What to work on
Every entry below should come back unchanged, except that the pictures are dropped.

Short text fragments from websites:

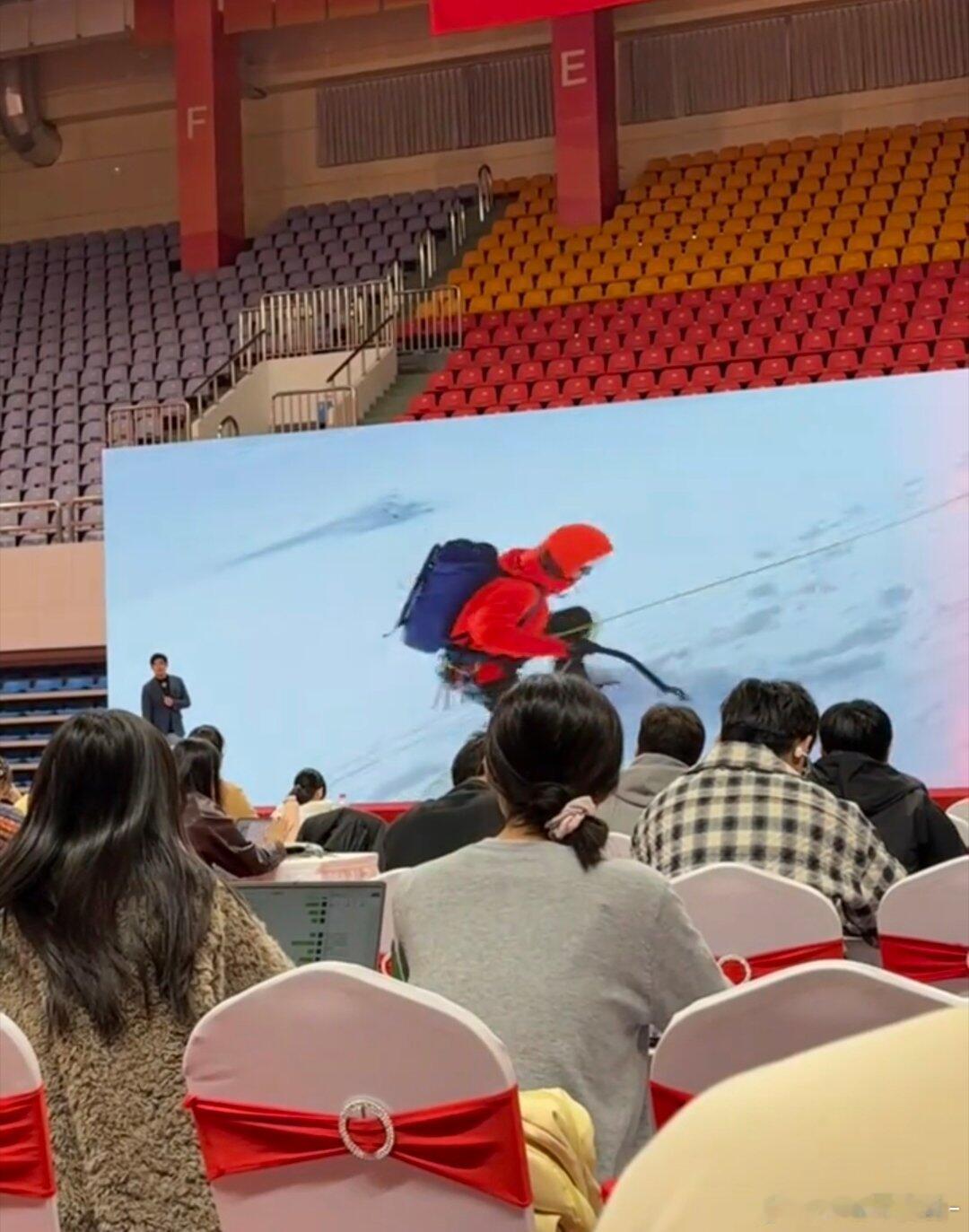 卧槽！王一博就这么水灵灵的出现中国地质大学讲座上啊啊啊啊[点赞][点赞] ​​​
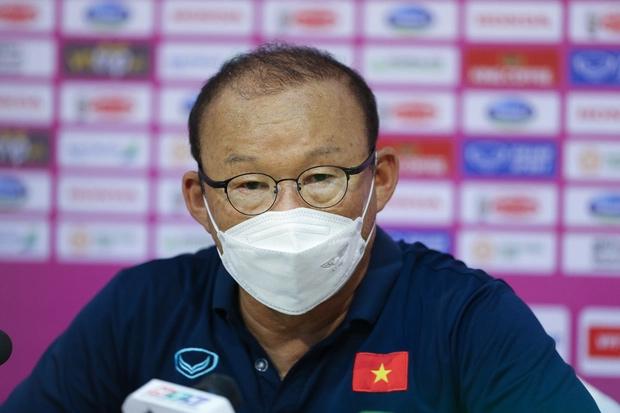 Thầy Park tiết lộ tin quý giá về chuyến xuất ngoại của Quang Hải-2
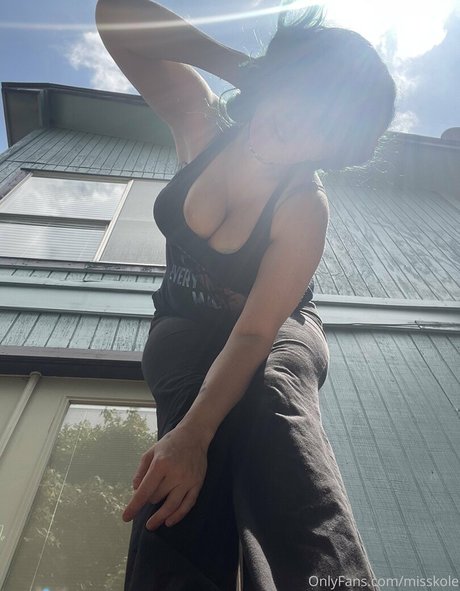 裸の女の子オンリーファンズ ホットセックス 画像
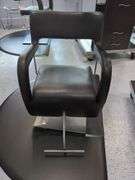 Salon Styling Chair with Floor Mat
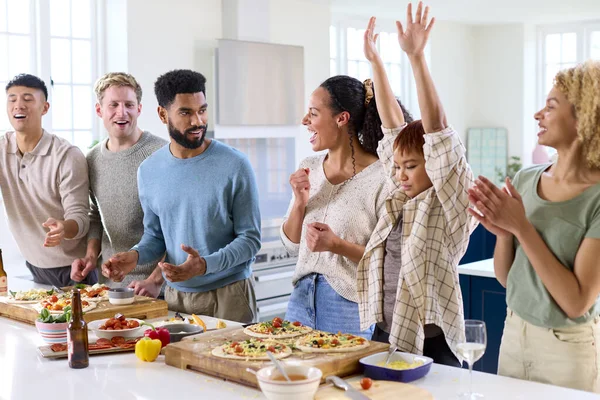 Група Друзів Вдома Кухні Додавання Топінгів Домашнього Піц Вечірки Разом — стокове фото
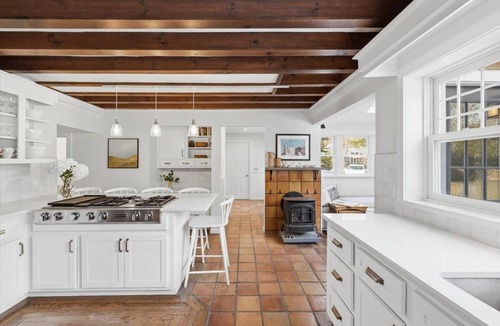 West Hyannisport House | Inwood Seaclusion 118-Cv - Timeless Cape Cod: Classic Coastal Charm with Private Beach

Completed task
 卧槽！王一博就这么水灵灵的出现中国地质大学讲座上啊啊啊啊[点赞][点赞] ​​​
 Thầy Park tiết lộ tin quý giá về chuyến xuất ngoại của Quang Hải-2
 裸の女の子オンリーファンズ ホットセックス 画像
 Salon Styling Chair with Floor Mat
 Група Друзів Вдома Кухні Додавання Топінгів Домашнього Піц Вечірки Разом — стокове фото
 West Hyannisport House | Inwood Seaclusion 118-Cv - Timeless Cape Cod: Classic Coastal Charm with Private Beach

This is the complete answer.